Teslas Robotaxi-Wette: Das Cybercab rollt – doch der Rückstand auf Waymo ist riesig
Tesla macht Ernst und schickt sein visionäres Cybercab auf die Straßen von Austin. Das Besondere: Das Fahrzeug kommt komplett ohne Lenkrad und Pedale aus. Während Elon Musk damit den Markt revolutionieren will, stellt sich die Tech-Welt die Frage: Erleben wir gerade einen historischen Durchbruch oder nur den nächsten cleveren Musk-Hype?

Aktuell rollt die Serienversion des zweisitzigen Robotaxis durch den texanischen Verkehr – gesteuert rein vom Tesla-Autopiloten. Ganz ohne Absicherung geht es aber noch nicht: Auf dem Beifahrersitz fährt ein Ingenieur mit, der im Notfall eingreifen kann. Dass Tesla den Sprung vom Prototypen auf die Straße genau jetzt wagt, ist kein Zufall. Die US-Verkehrssicherheitsbehörde NHTSA plant, noch dieses Jahr die Pflicht für Bremspedale bei vollautonomen Autos abzuschaffen. Eine regulatorische Hürde weniger für Tesla.

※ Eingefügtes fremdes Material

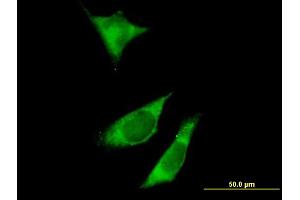 Immunofluorescence of purified MaxPab antibody to RPTOR on HeLa cell. (Raptor antibody  (AA 1-379))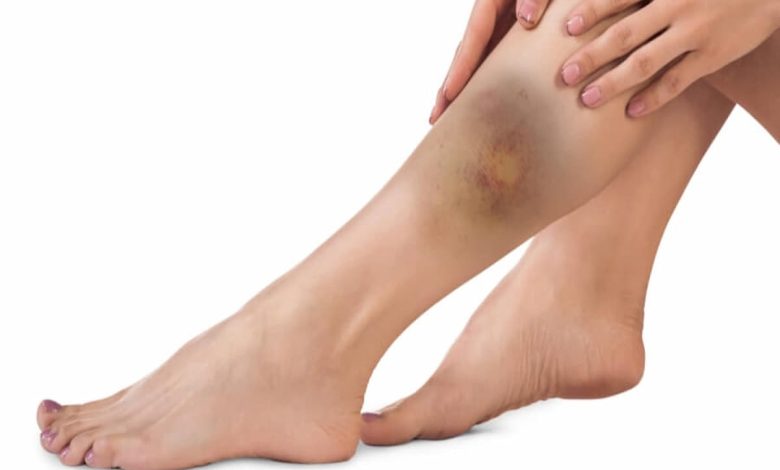 ظهور بقع زرقاء في الجسم عند النساء بدون سبب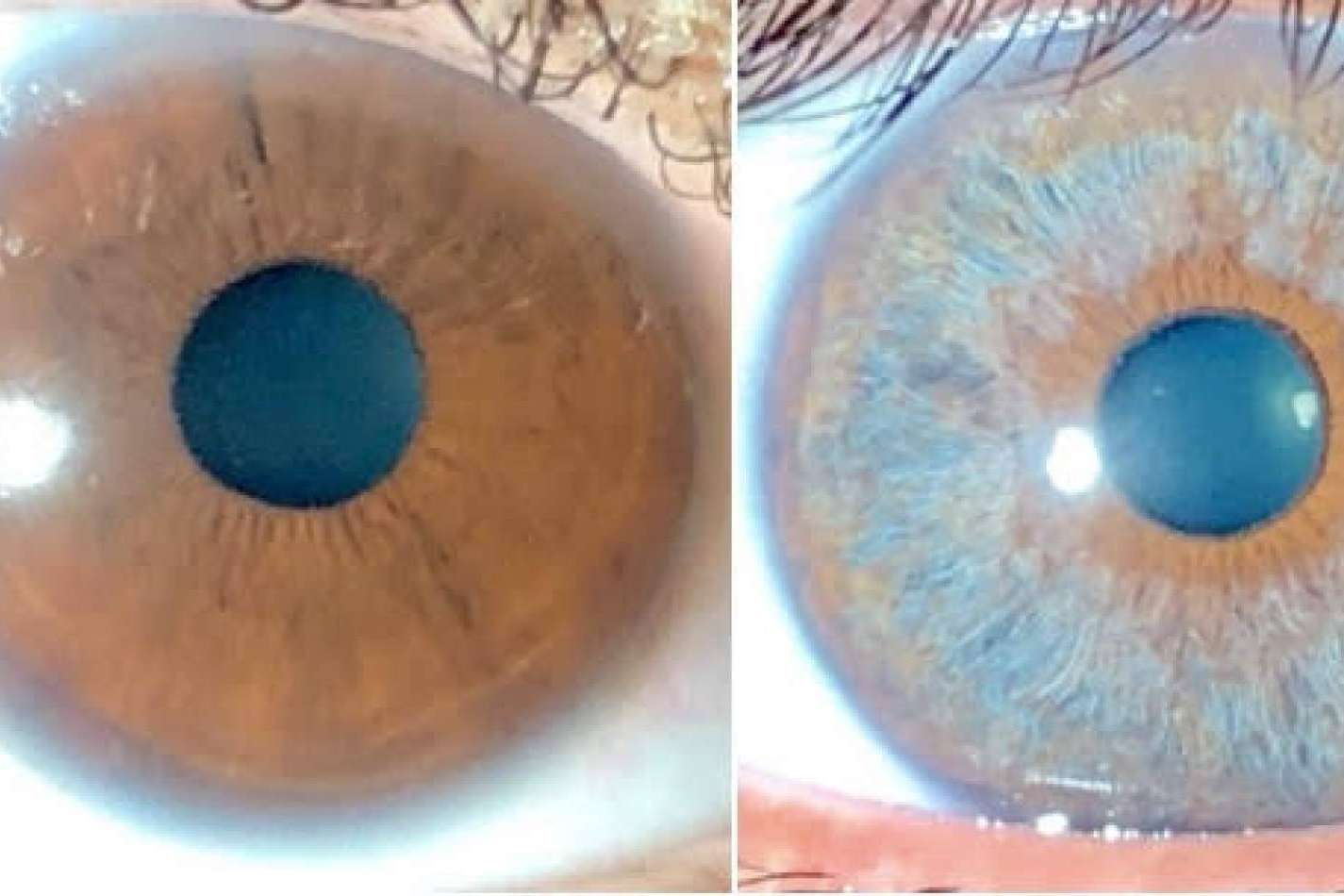 Clínica Eyecos y los avances en las operaciones de cambio de color de ojos con láser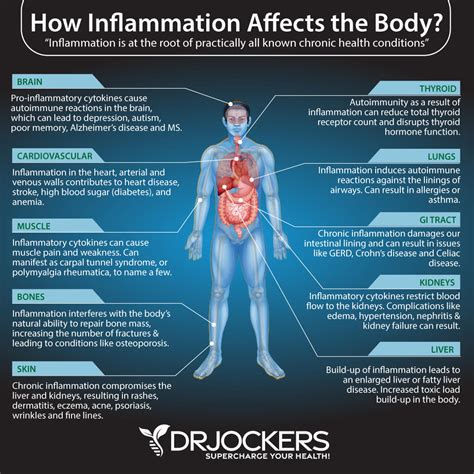 What Helps With Inflammation In The Body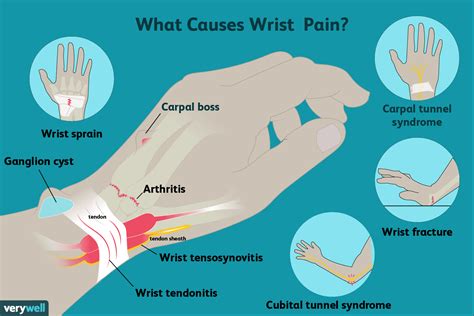 Wrist Pain: Causes, Symptoms, and Treatment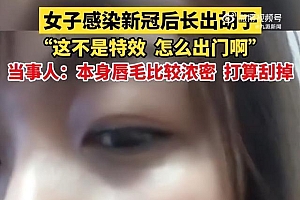 女生回应感染新冠后长出胡子:不是特效 没法出门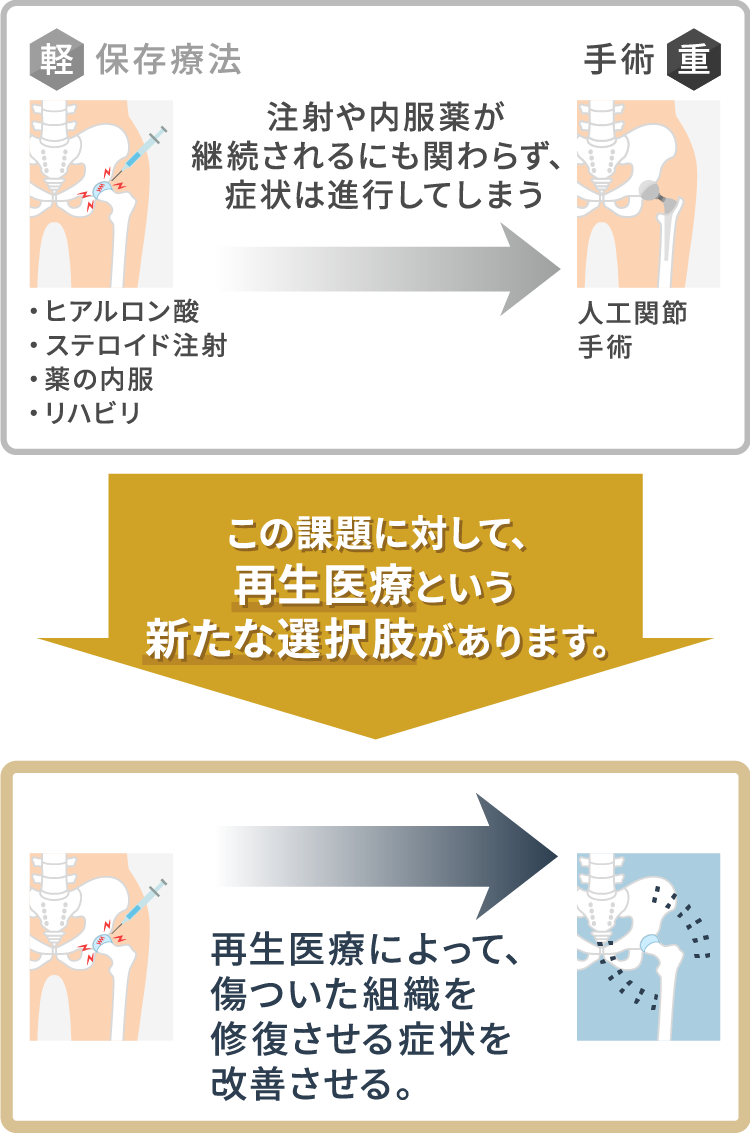 股関節の再生医療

Kameras gegen Laser-Radar: Ein riskantes Duell
Der technologische Ansatz unterscheidet Tesla fundamental vom aktuellen Marktführer Waymo:
- Teslas Strategie: Setzt radikal und ausschließlich auf Kameras. Keine teuren Laser-Radare (LiDAR), keine Zusatzsensoren. Das ist entweder geniales Cost-Engineering oder gefährlicher Geiz.
- Waymos Strategie: Der Google-Ableger nutzt die volle Sensor-Suite und fährt damit bereits extrem erfolgreich in sechs US-Städten.

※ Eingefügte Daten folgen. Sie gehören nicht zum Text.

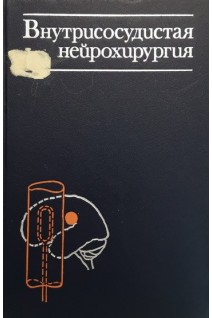Внутрисосудистая нейрохирургия (БУ). Хилько В.А.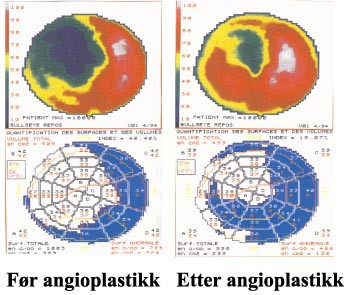 Figur 3  Perfusjonsscintigram av venstre ventrikkel i polar fremstilling f&oslash;r og seks uker etter vellykket angioplastikk av&hellip;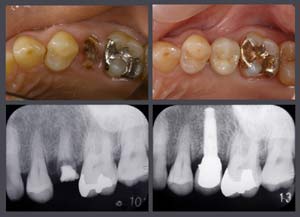 implant_s.jpg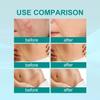 Scar Spray, Medical Grade Scar Spray, Advanced Scar Spray, for All Types of Scars (2 Pcs) view 3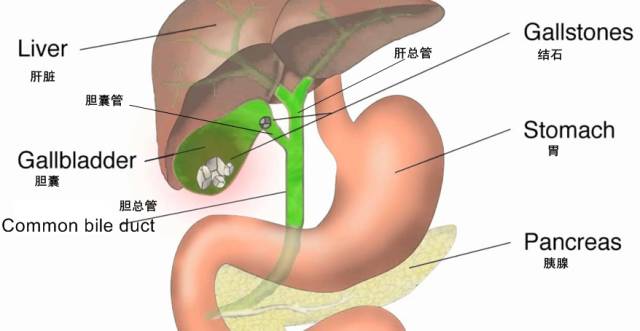 胆囊疾病MRI一键入门 胆囊疾病MRI一键入门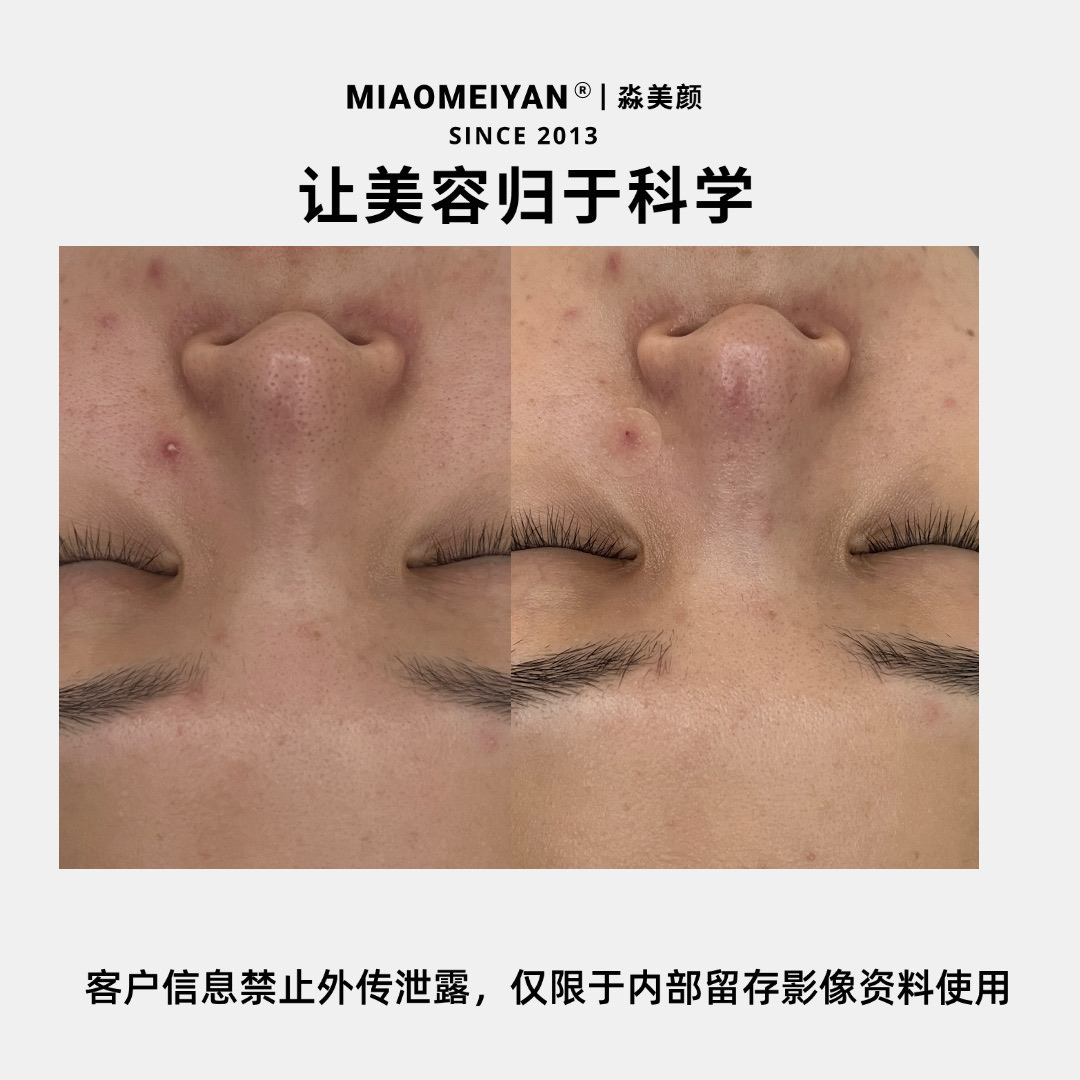 案例1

Der nackte Zahlenvergleich zeigt den gigantischen Vorsprung von Waymo: Das Unternehmen hat sein Volumen im vergangenen Jahr auf 15 Millionen Fahrten verdreifacht und wickelt aktuell rund 400.000 bezahlte Trips pro Woche ab. Tesla hingegen startet in Austin gerade erst mit einer „begrenzten Zahl von Autos“. Von Musks Versprechen eines flächendeckenden Robotaxi-Netzes ist Tesla Lichtjahre entfernt. Auch der Plan, das Cybercab vor 2027 an Privatkunden zu verkaufen, wirft massive Fragen auf.
Das Notfall-Dilemma: Was, wenn das Cybercab streikt?
Eine der spannendsten und bisher ungeklärten Fragen lautet: Was passiert, wenn ein lenkradloses Auto mitten auf einer Kreuzung den Geist aufgibt?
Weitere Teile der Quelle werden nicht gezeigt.